Since Johnson started the business three years ago, he’s sold over 40,000 shirts. He said it took a lot of work to design, manufacture and secure licenses.
He said, like any other successful idea, there were copycats. In particular, a woman named Kristen Crone who reached out to him about a partnership.
“She wanted to work together, and it didn’t pan out for obvious reasons, and she decided she was going to take my idea,” Johnson said.
Johnson said she went on an Arizona television station touting what she claimed was her idea, but clearly ripping off Johnson’s shirts and swapping out Chicago-themed slogans for other ones.
“She took the idea and ran with it under a new name, and went on a news station and went on tv and lied about the entire story,” Johnson said.
When fans heard about what happened, they responded with thousands of messages on the Obvious Shirts Facebook page.
One fan wrote, “Please stand up for your brand and do not let this woman take credit for what you have worked so hard for !!! This is unacceptable!”
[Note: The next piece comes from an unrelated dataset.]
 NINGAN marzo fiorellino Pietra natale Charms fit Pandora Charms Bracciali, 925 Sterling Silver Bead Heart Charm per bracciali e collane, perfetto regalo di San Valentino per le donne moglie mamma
Many others joined in to support Johnson. Many suggested that he contact the Arizona news station that ran the story.
“I owe everything to the Cubs fan base, I didn’t realize, expect or foresee this much support or recognition,” Johnson said. “I am a company of one, nobody knows my face, but today validated that everything was worth it.”
Within 24 hours, the situation was resolved as it appeared that Crone took down her company’s website, Facebook page and Instagram.
Johnson said Crone has called him, but the two have not yet spoken. WGN’s attempts to contact Crone were unsuccessful.